Maupuis est mort
Maupuis est mort hier. Je l’ai su par le maton qui le remplace. La même ordure. Il a aboyé en ouvrant ma cellule : « T’avise pas de faire le con parce que Maupuis est mort. Je suis pire que lui »
La porte s’est refermée sur cette menace.
Ce matin, le ciel est sale. Je le vois depuis la lucarne. 20 centimètres par 40, un timbre-poste crasseux.
J’ai mal dormi.
Maupuis est mort, Maupuis est mort, je l’ai répété en boucle toute la nuit. Douze ans que ce gonze orchestre ma vie. Va en enfer, mec !

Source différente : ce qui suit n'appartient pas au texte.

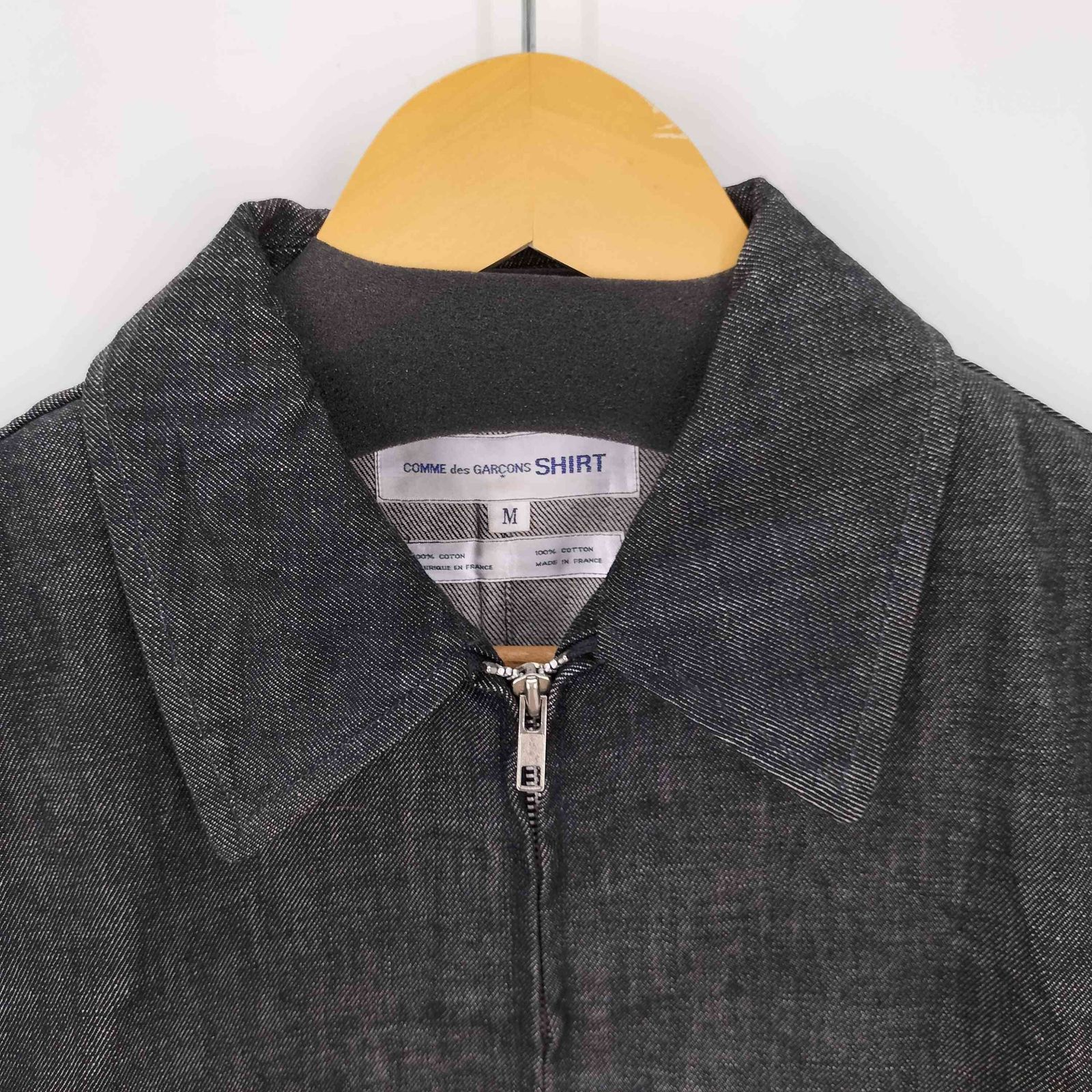 comme des garcons shirt フランス製デニムブルゾン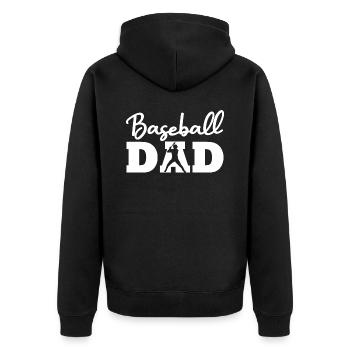 Père de baseball - Veste à capuche bio Premium Unisexe - noir - Dos - Nico (187cm)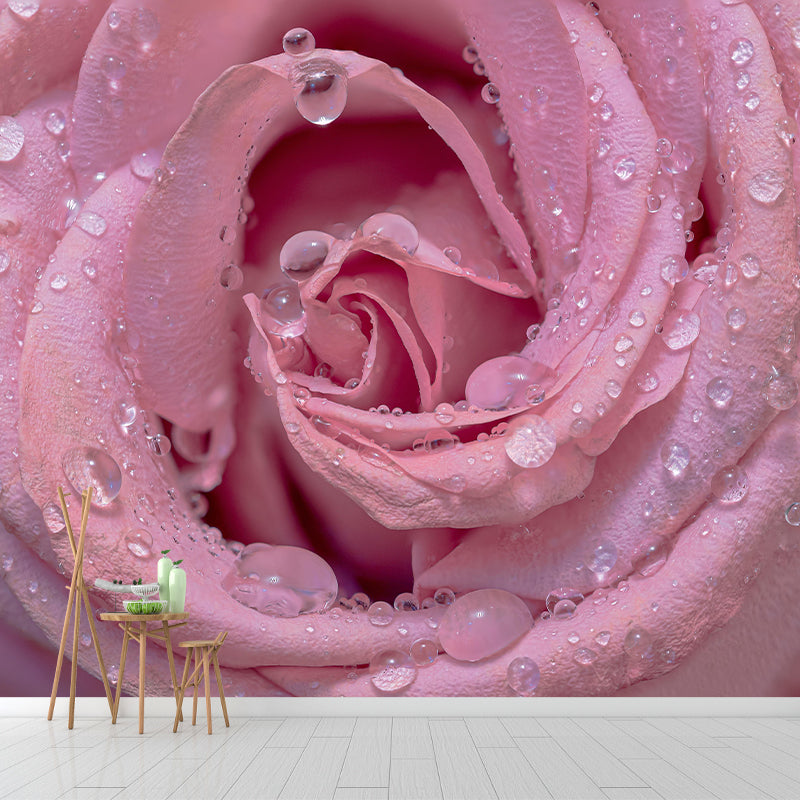 Partial Rose Contemporary Wall Mural Modernist Wall Covering for Bedroom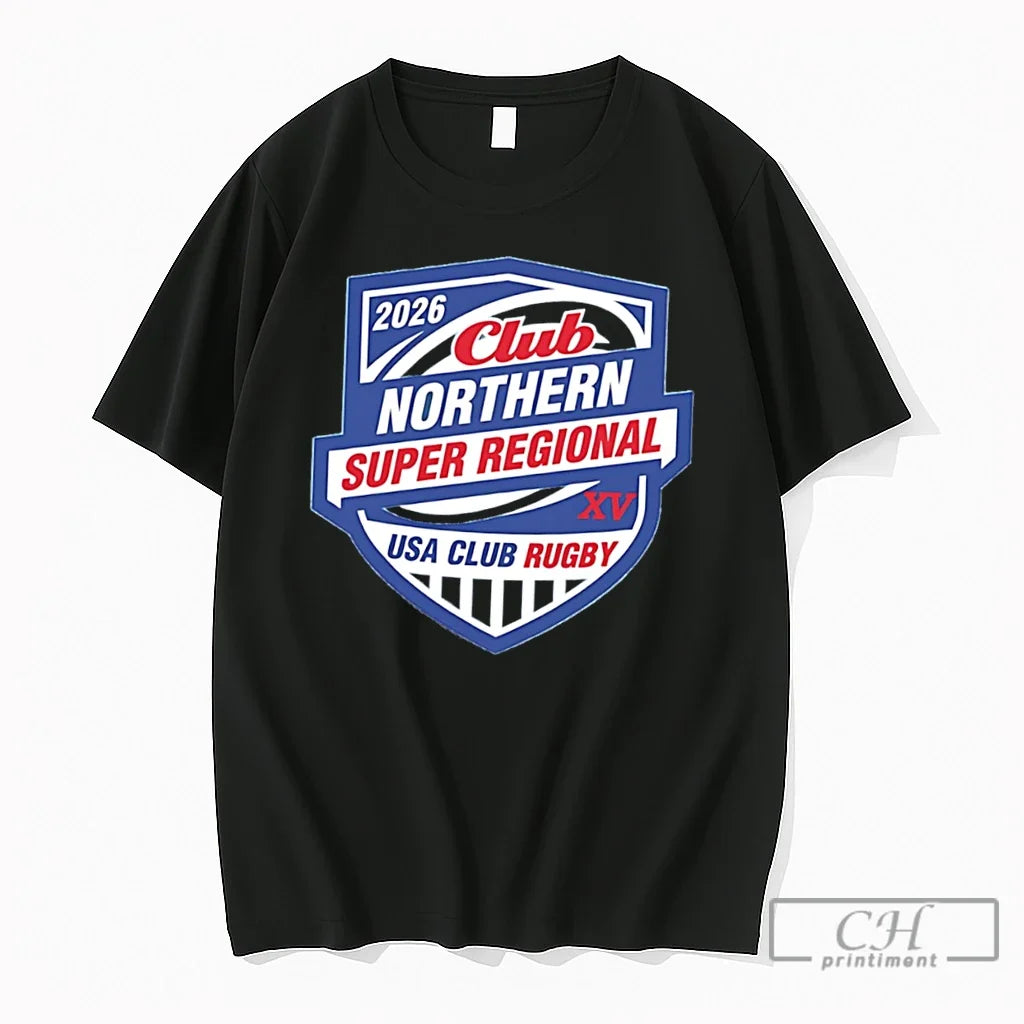 Premium Club Northern Super Regional Usa Club Rugby 2026 Tee Unisex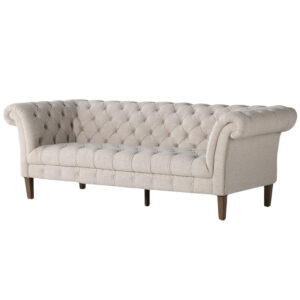 Victoria Ivory Tufted Sofa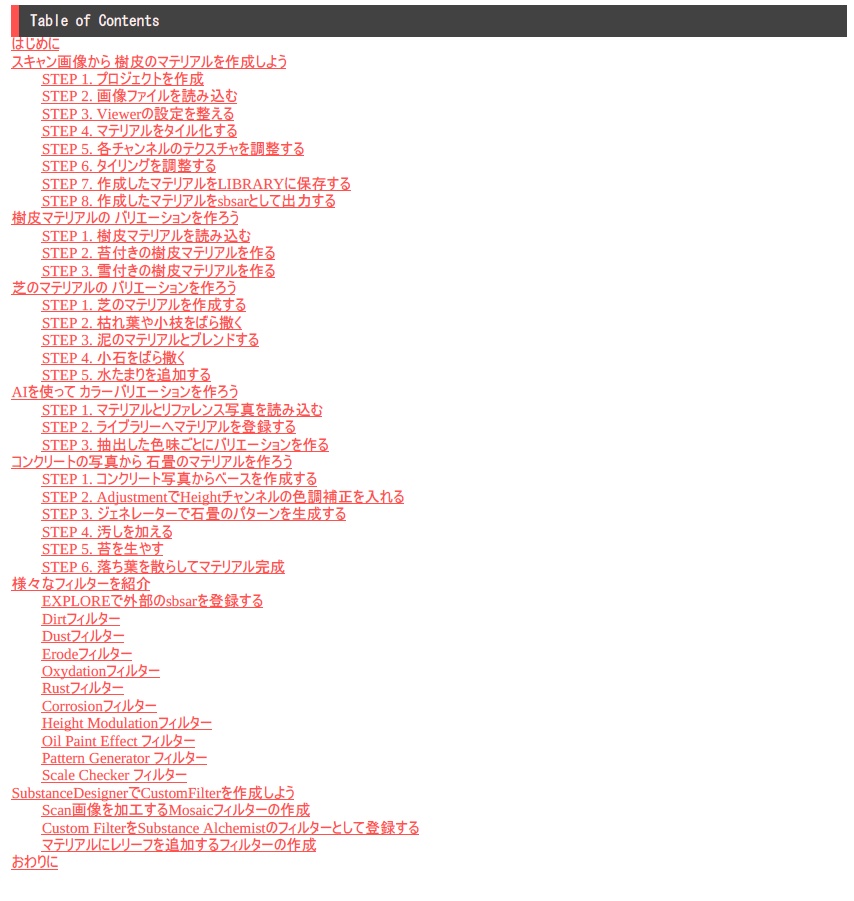 はじめてのSubstanceAlchemistマテリアルデザイン超入門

J’ai les yeux chiasseux, la tête lourde, la vue brouillée, et pourtant je la vois : la porte est ouverte. OUVERTE ! Douze ans d’enfermement, un nouveau maton, et puis cette porte ouverte comme par magie. J’ose à peine bouger. C’est trop violent. Où est le piège ? J’entends des bruits sourds au-dessus de ma tête. Ça cogne dans mes tympans. On dirait des bottes ferrées. Un escadron de la mort ? Je ferme les yeux. Faut que je respire. Je me pince. Non, je ne rêve pas, la porte est ouverte, ça bottine là-haut, et puis ces grognements… une armée de cochons affamés ? Je sais de quoi ils sont capables, jamais rassasiés, capables de te bouffer un homme en dix minutes. La sueur coule le long de mon dos. J’ai peur de sortir. J’appellerai bien ma femme, mais c’est quoi son prénom, déjà ? Pour la première fois en douze ans, cette cellule de deux mètres sur deux, c’est un peu le « chez-moi » qu’il faut quitter. Je flageole, j’ai les guiboles en dentelle. Je me glisse dehors. Je me colle au mur. Personne. Ça sent l’urine. Les cellules sont désertées. Où sont passés les autres ? Becquetés par les cochons ? J’ai du mal à me diriger. C’est où la sortie ? Toutes ces années sans sortir, un seul parloir, j’ai oublié avec qui, et la promenade du jeudi dans la cour. Haute de murs, bétonnée, triste comme un jour de deuil. Faut que je me concentre. Voilà, la cour est là, sur ma droite. J’entends un feulement, un gros chat en colère, ou un tigre échappé d’un cirque. J’essaie de rigoler pour chasser la peur, mais le feulement redouble. Combien sont-ils ? Des chats, des félins ? C’est quoi cette embrouille ? Des jeux du cirque ? Je suis dans l’arène, c’est ça ?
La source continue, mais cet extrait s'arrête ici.